[EXERCISE DIRECTIONS] Your copy should contain exactly the lines from the start of the material through the line containing "I'll show demos", and no pictures.
***
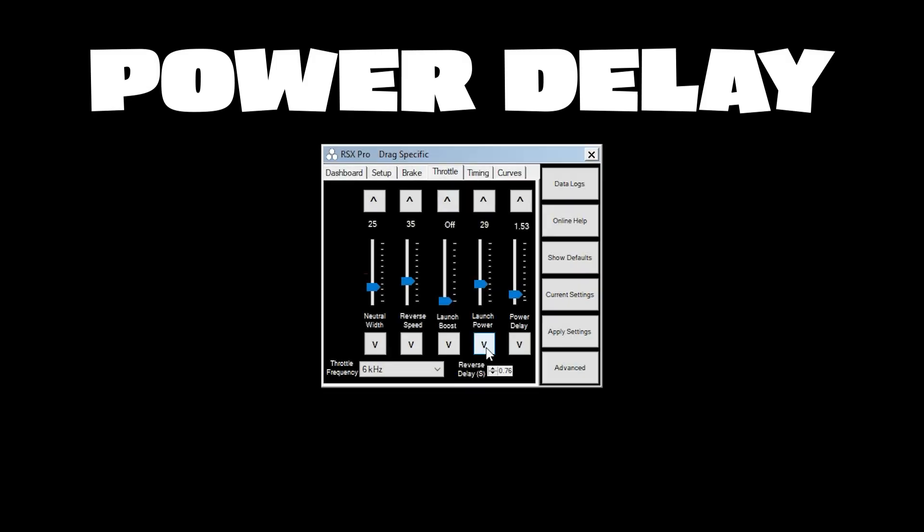To go along with launch power we've got power delay so you can set the time in seconds that you want it to take for your ESC to reach a hundred percent throttle after your launch power has initiated.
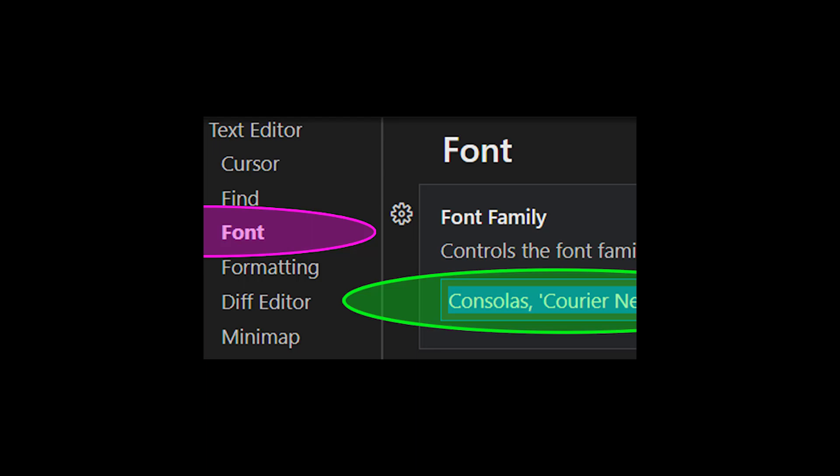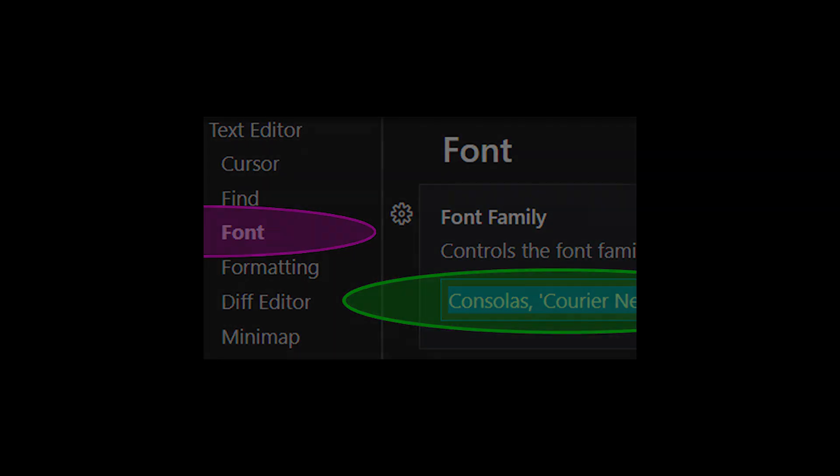Hey guys, in this tutorial I'm going to show you how to change font type in Visual Studio Code. This will change your font in VS Code Editor and Terminal as well.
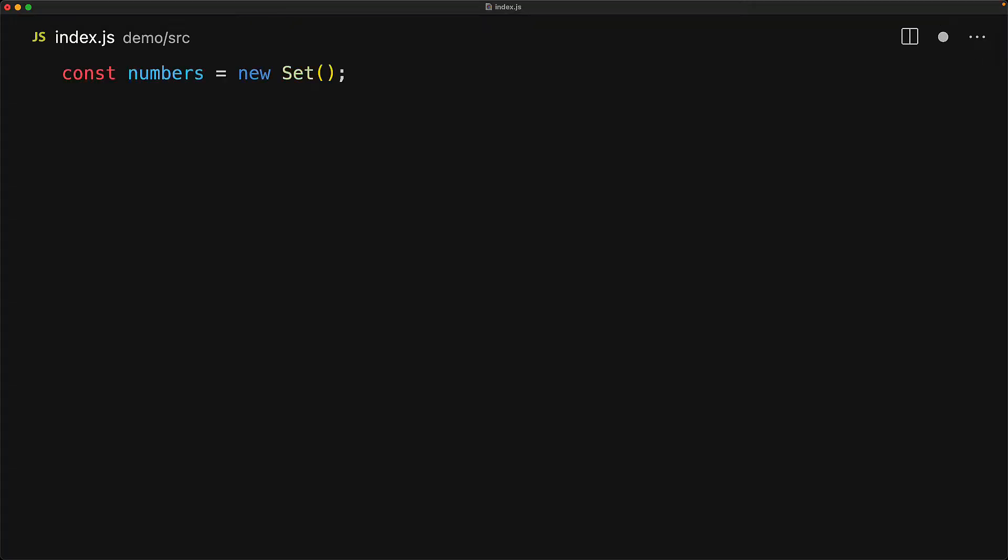We simply create a new instance of the set by using the set constructor with a new operator. A set has a number of features, and we can add new items to the set by using the add function. So if we add 5, the set has a single item, which is the number 5. We can add another item, for example 1, and now the set has 2 items, the number 5 and the number 1.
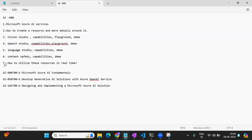I'll show demos on these studios. This is basically the foundation of AI-900 — all the different services provided. By the end of the AI-900 series, you'll have a clear idea of what service you need for a given use case, what resource you should create. There are different types of resources: single-service resource, multi-service resource, and pay-as-you-go resources. You'll know when to choose what, and which studio to go to.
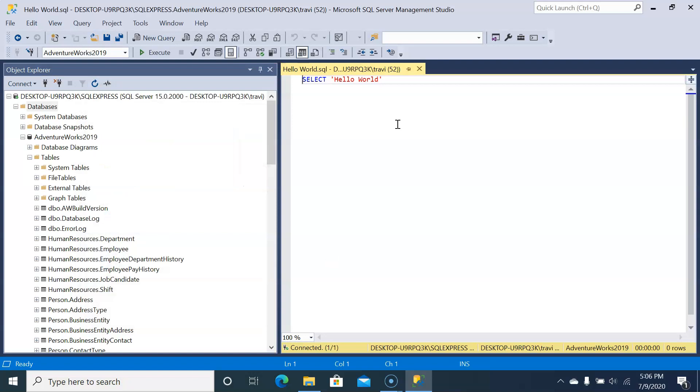Now that we've reopened the file, let's make a change and save it. Let's say we're super excited about learning SQL and we want to add some enthusiasm to our query with an exclamation mark after hello world. Now it's kind of shouting at us.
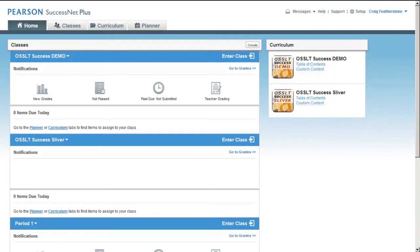So you've registered for the demo, received your username and password that's unique to you, and you've now logged into the OSSLT Success demo. Welcome! Now, let me invite you to feel free to try things out. This is your personal account, so go ahead and explore. You can't wreck anything for anyone else.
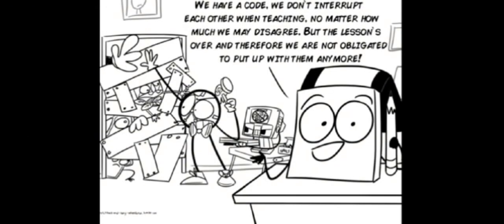We have a code, we don't interrupt each other when teaching, no matter how much we disagree. But the lesson is over, therefore we don't have to put up with them anymore.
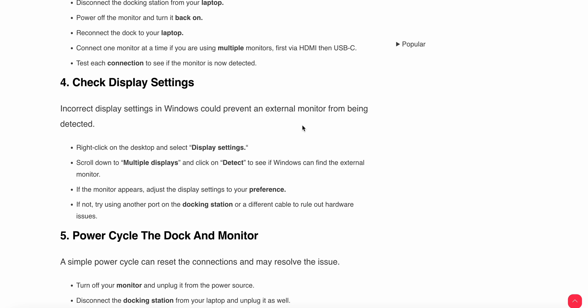Incorrect display settings in Windows could prevent an external monitor from being detected. Right-click on the desktop and select display settings. Scroll down to multiple displays and click on detect to see if it can find the external monitor. If the monitor appears, adjust the display settings to your preferences.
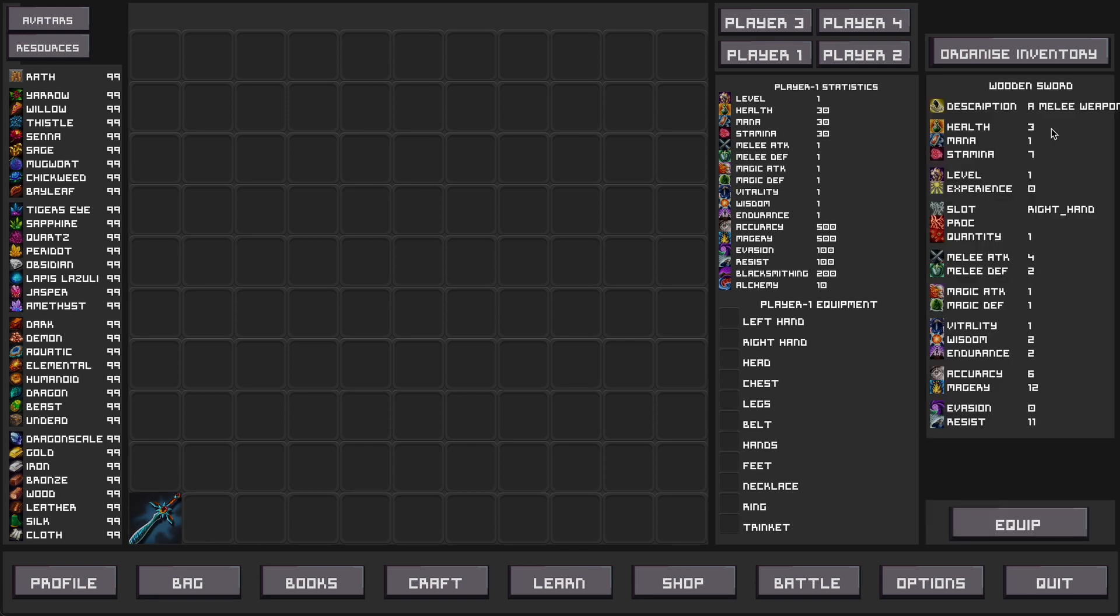One of the things you will notice is that the statistics of the item in this window vary from the item details window that we saw when we were crafting the item. The reason for that is that every time an item is crafted, it's crafted with randomized stats and your crafting ability acts to add to those stats.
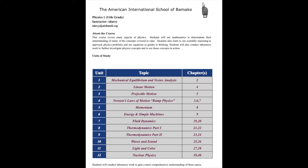And once you get past a little bit of the sticky mathematics, you'll find it A, satisfying, and B, a little easier than chemistry. And welcome to physics, eleventh grade, Physics 1. Let's continue.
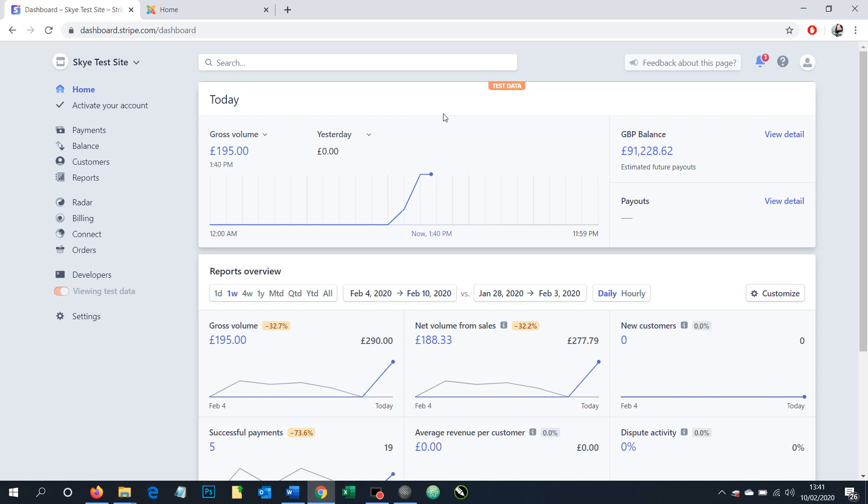There's two versions within your Stripe account. You can be in test mode or live mode. Test mode is used for testing a website where you're not using real money, and live mode is when you're using real money.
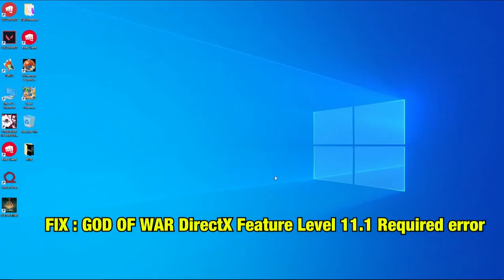Hello Friends! Today we're going to see how to fix God of War DirectX feature level 11.1 is required error.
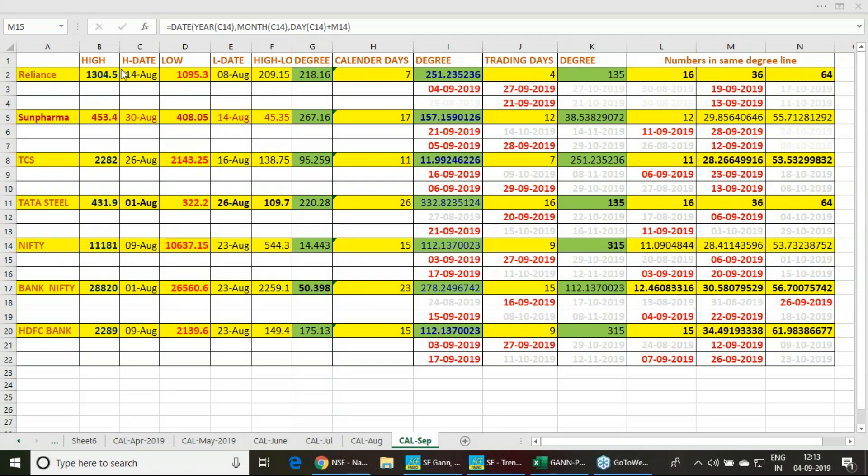For Reliance, there is still an opportunity. We expected a positive opening and positive closing, but it is currently in the negative. You can consider buying Reliance now with a put option, and towards 3:30 you should experience a positive closing. This is what the GAN trend reversal date indicates.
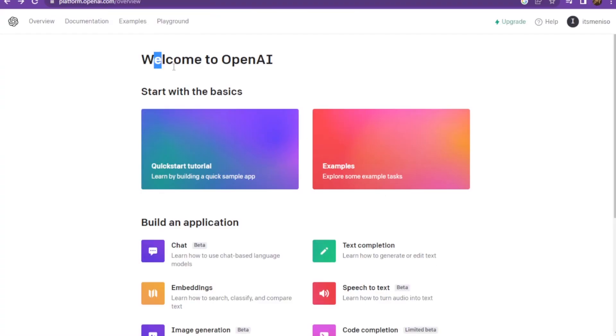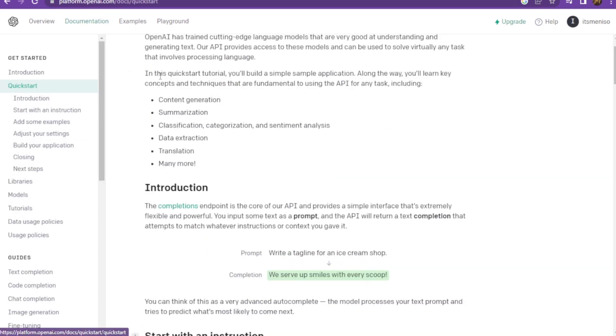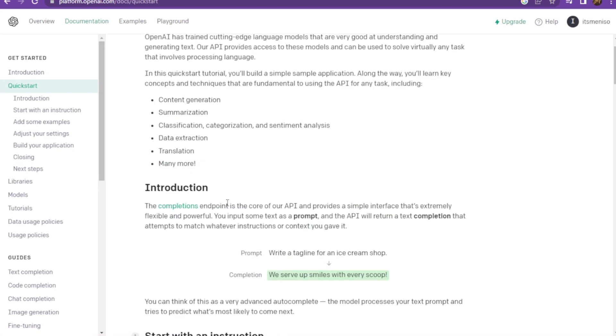First of all, you have to go to api.com. As you can see, here are all the basic instructions like content generation, summarization, data instructions, and all of its basics.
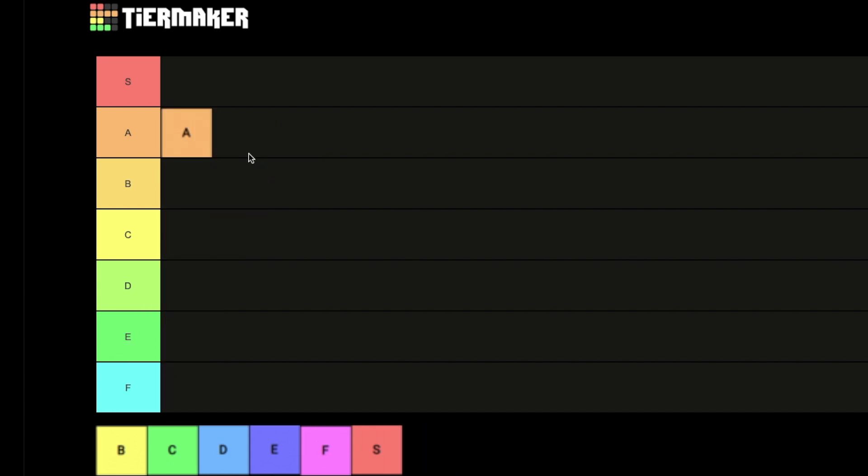Next one is B. I'm gonna give this one a pretty good ranking. I kind of like it. B is a really good word because it starts the word bitch, so that's really cool. It's not quite as good as A, but it's still really good, so B tier. I'm gonna give B a B tier.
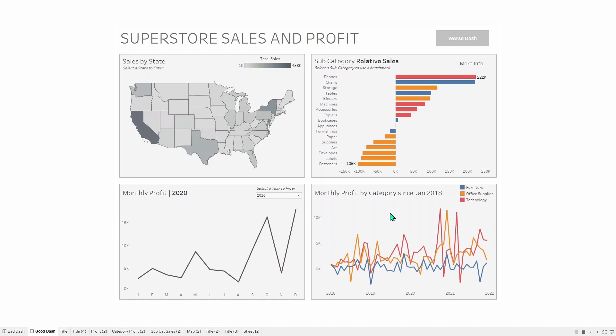Monthly Profit by category since January 2018. In this chart, you now know that each mark is again a month, but it starts all the way in January 2018, and goes all the way to 2022, as it says, on the axis, so you understand how it's different from the chart previous to it.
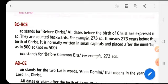Now BCE stands for Before Common Era. Instead of writing BC, we can also use the term BCE, which means Before Common Era. For example, 273 BC can also be written as 273 BCE.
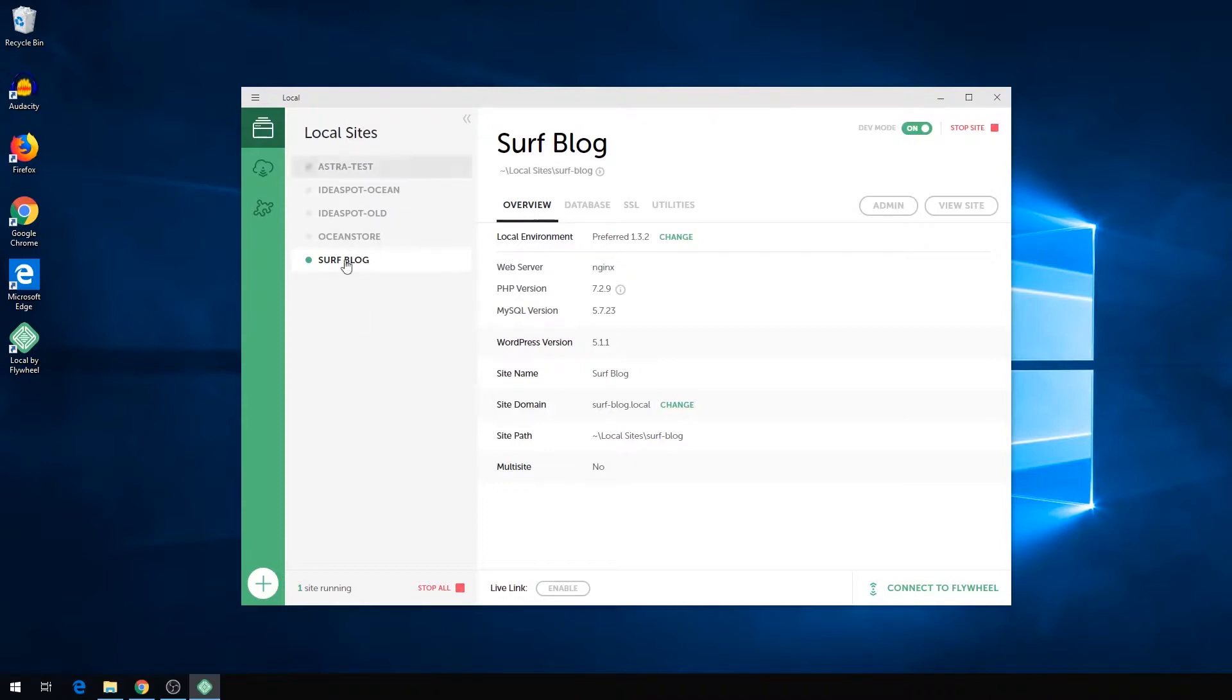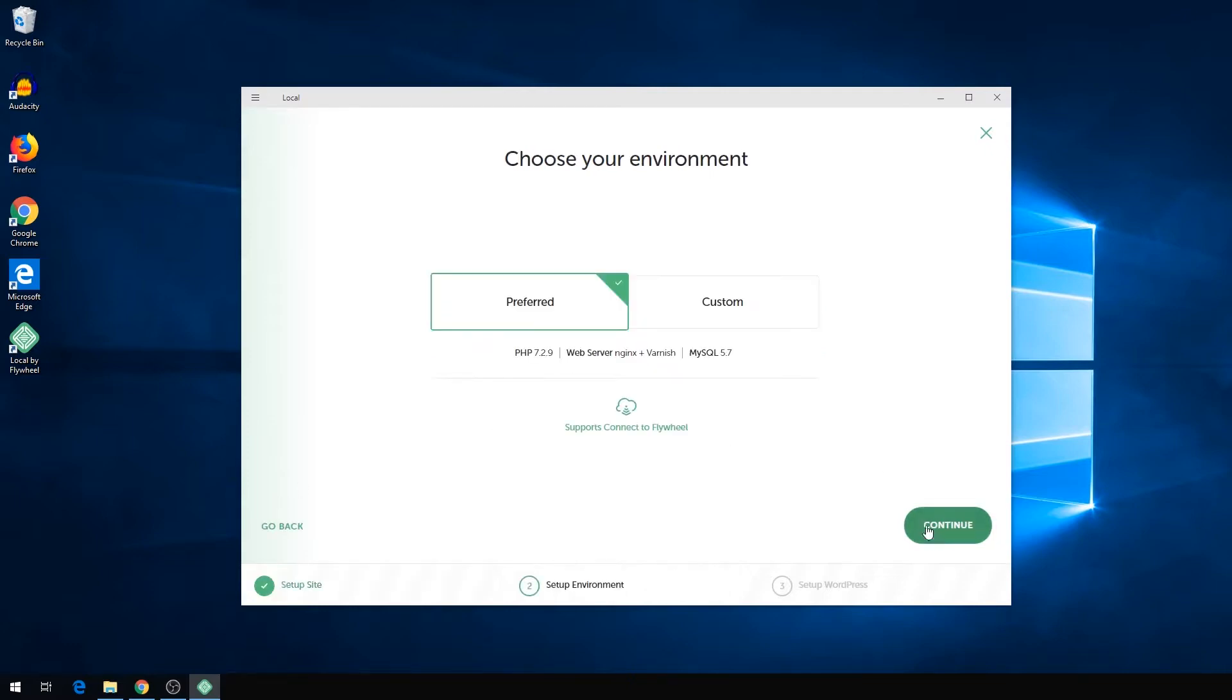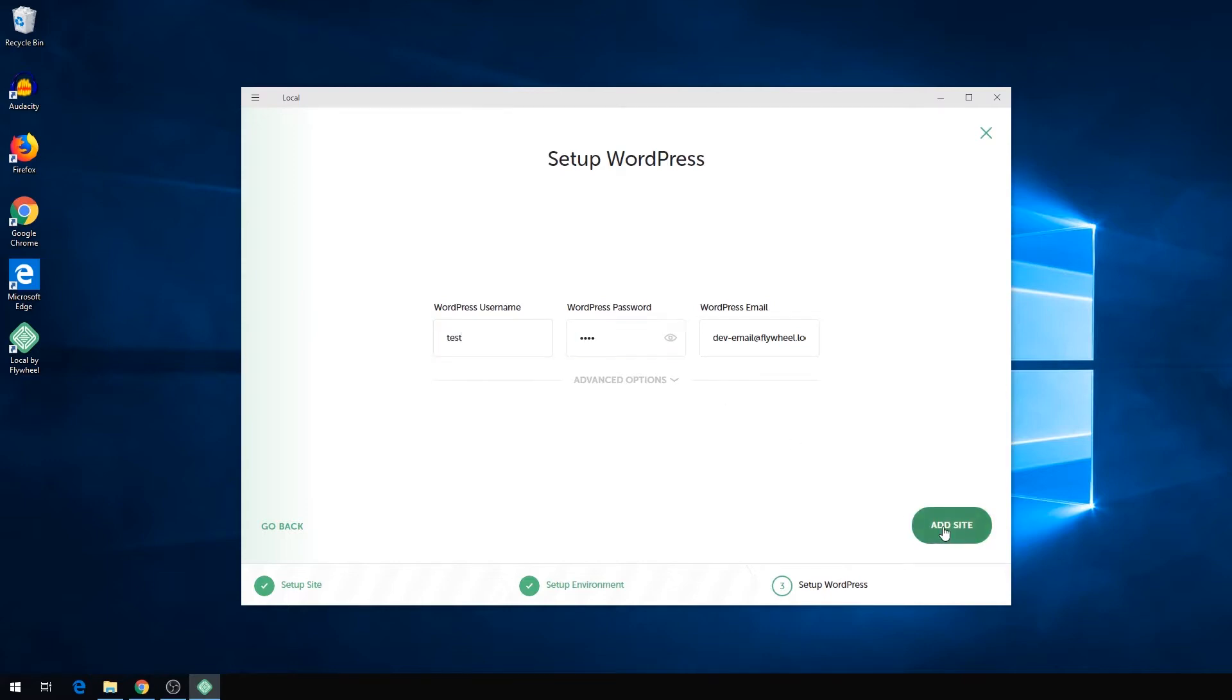You've got your websites that you've built, and you can add a new site to start from scratch. So we can just do a test site, hit continue, use all the preferred options, and add the site.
***
[FINAL ANSWER]
To go along with launch power we've got power delay so you can set the time in seconds that you want it to take for your ESC to reach a hundred percent throttle after your launch power has initiated.
Hey guys, in this tutorial I'm going to show you how to change font type in Visual Studio Code. This will change your font in VS Code Editor and Terminal as well.
We simply create a new instance of the set by using the set constructor with a new operator. A set has a number of features, and we can add new items to the set by using the add function. So if we add 5, the set has a single item, which is the number 5. We can add another item, for example 1, and now the set has 2 items, the number 5 and the number 1.
I'll show demos on these studios. This is basically the foundation of AI-900 — all the different services provided. By the end of the AI-900 series, you'll have a clear idea of what service you need for a given use case, what resource you should create. There are different types of resources: single-service resource, multi-service resource, and pay-as-you-go resources. You'll know when to choose what, and which studio to go to.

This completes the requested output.